By selecting beneficiaries on low marginal tax rates, Fitzpatrick says, the trustee can minimise the overall taxation liability on the testamentary trust income.
“This is because tax is paid on testamentary trust income at the respective marginal tax rates of the beneficiaries who receive it,” he says.
The Tax Act allows children under 18 who receive income from testamentary trusts to be treated as adults for tax purposes, thus avoiding the ‘penalty’ tax rate of 48.5 percent that normally applies to income from trusts paid to minors.
In addition, the low income rebate allows each minor beneficiary of a testamentary trust to receive more than $6,000 of income tax free.
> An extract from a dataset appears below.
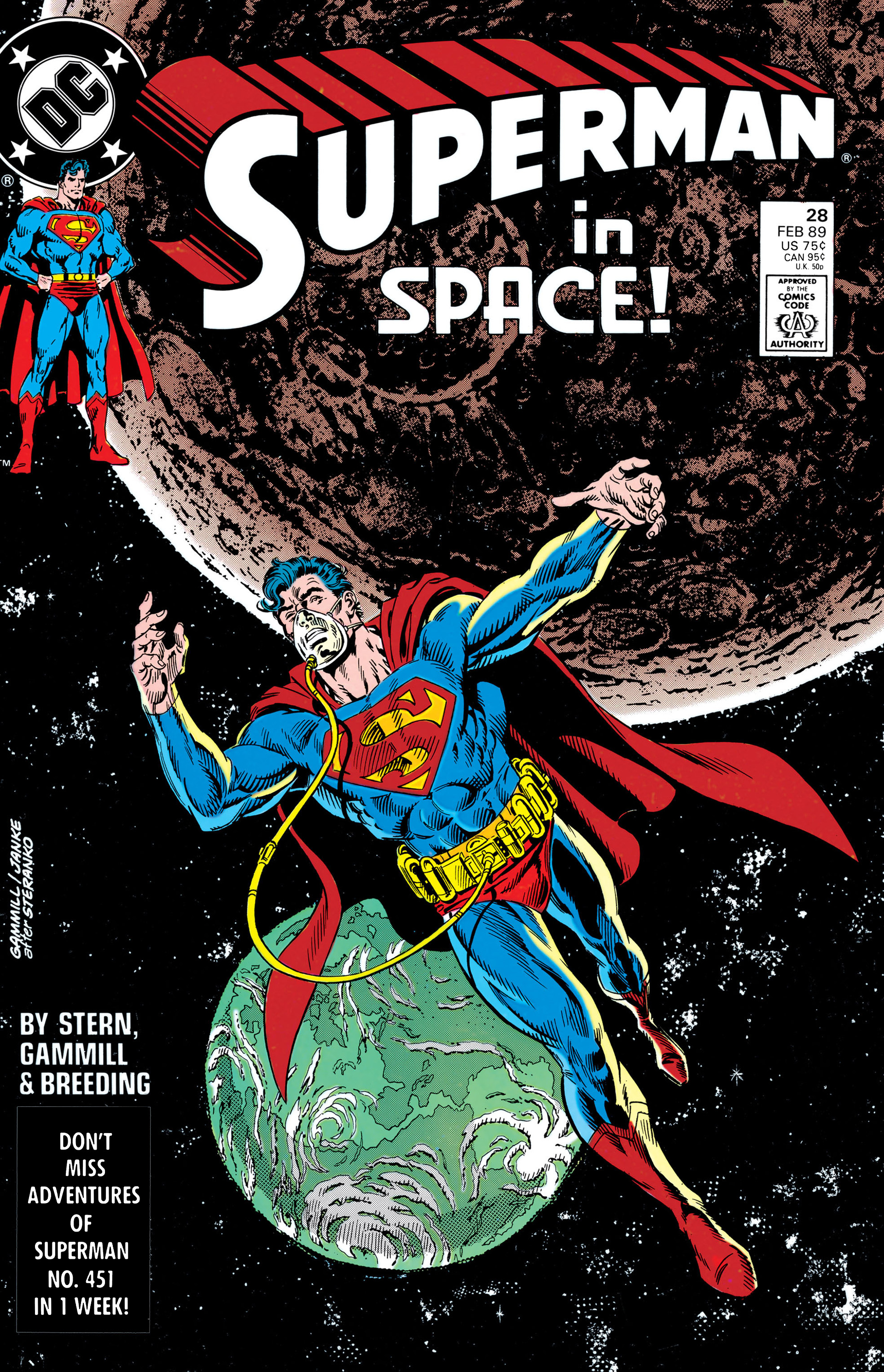 Superman (1987) Issue #28 - Page 1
A testamentary trust can also enable beneficiaries to minimise capital gains tax arising from the sale of assets by choosing to distribute the capital gains to a beneficiary of a low or nil income.
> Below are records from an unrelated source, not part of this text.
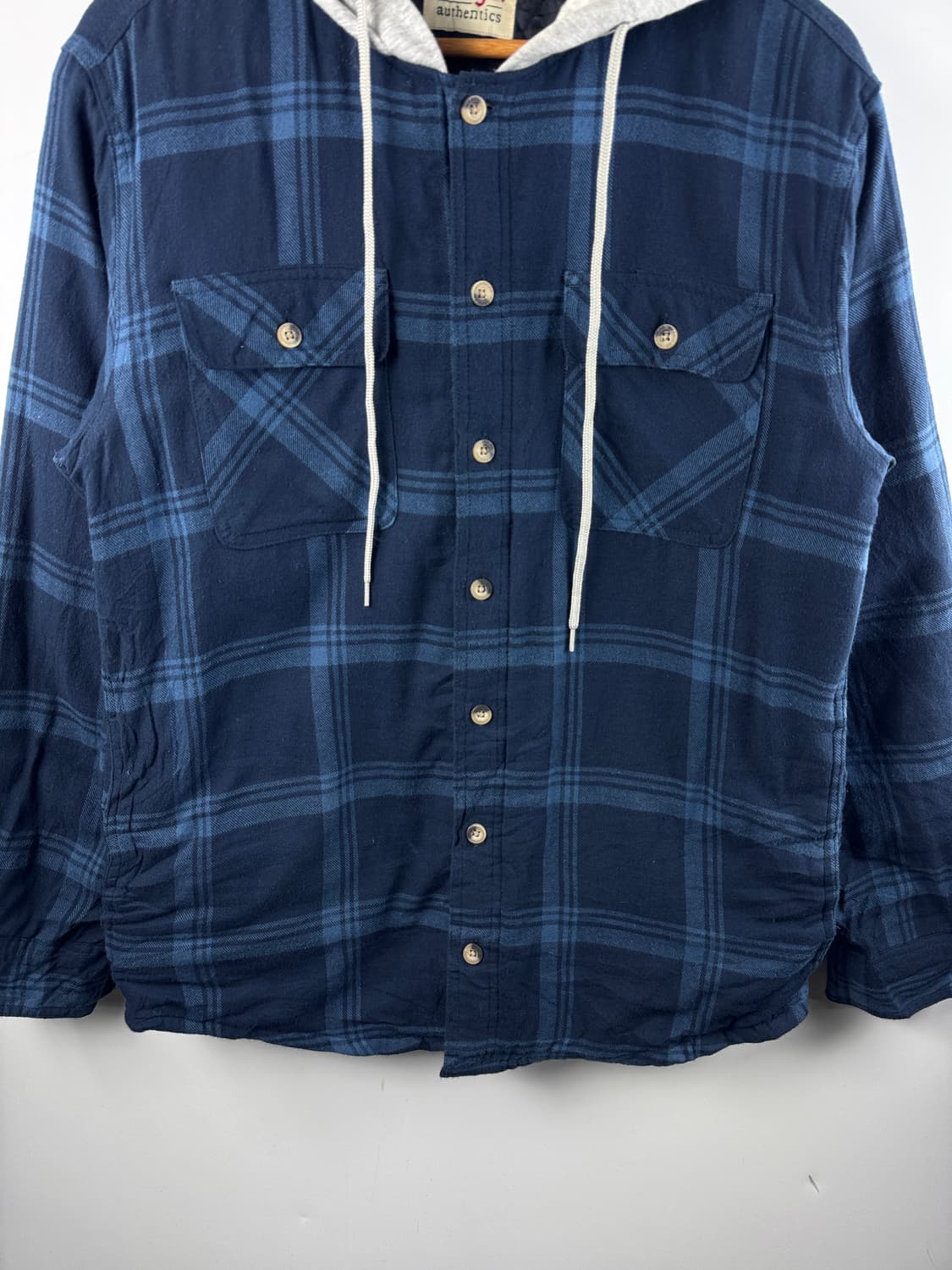 Wrangler 플란넬 후드셔츠1743 상품이미지4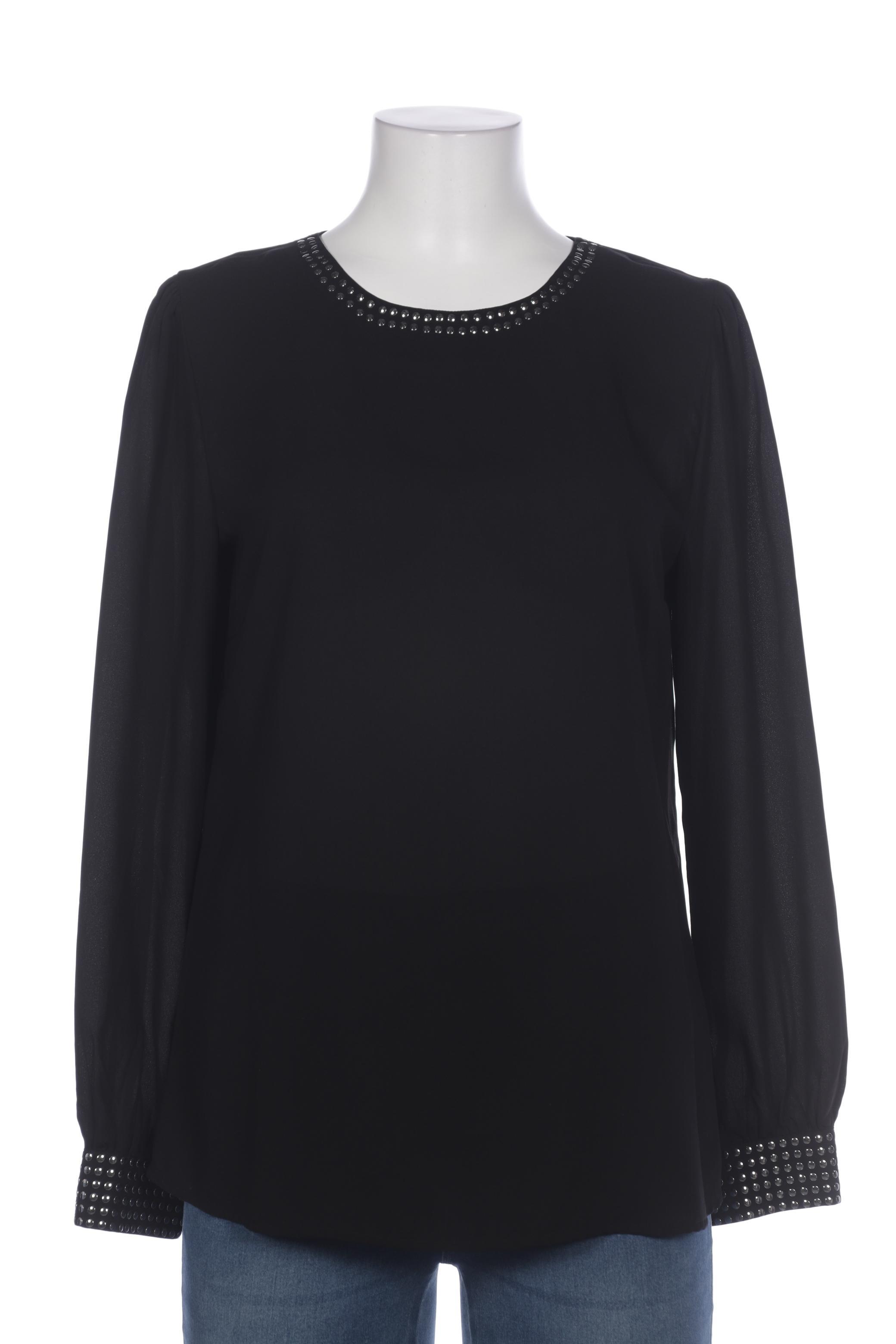 

Hallhuber Damen Bluse, schwarz, Gr. 40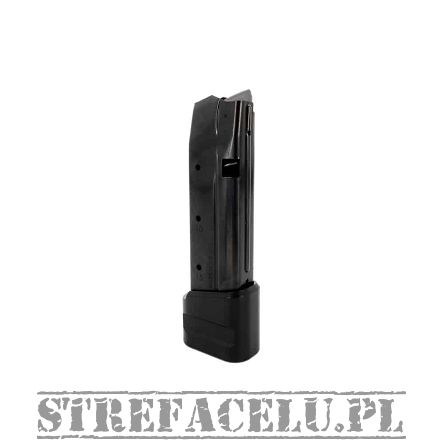 SHIELD ARMS pistol magazine - S15 with enlarged baseplate for Glock 43X/48 - 15 + 5 rd - 9x19mm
Beneficiaries are also protected from the repercussions of bankruptcy by a testamentary trust, according to Tower Trust head of private client services Andrew McLachlan.
By law, he says, the assets of a fully discretionary trust are not owned personally by any beneficiary unless a trustee elects to distribute them to beneficiaries.
“The assets of a testamentary trust therefore do not form part of the beneficiary’s personal estate, and a creditor claiming against a beneficiary therefore cannot access the assets held in the trust.”
McLachlan says a testamentary trust may also provide some protection for a beneficiary who is experiencing family law difficulties.
“By enabling a beneficiary’s entitlement to be held in a discretionary will trust, their estate entitlements can be isolated from their personal assets.”
RetireInvest national technical manager Jennifer Brookhouse says testamentary trusts have benefits for the estate of a trustee in the event of divorce and also in the event of their children divorcing.
“A testamentary trust’s discretionary powers can ensure that the estate is left to the children of the trustee’s ‘bloodline’ and not, say, a daughter in law, in the event of a child divorcing,” she says.
“In this way the money in the trust is potentially a financial resource for a married child, but it cannot be split to satisfy the property settlement in the event of divorce.”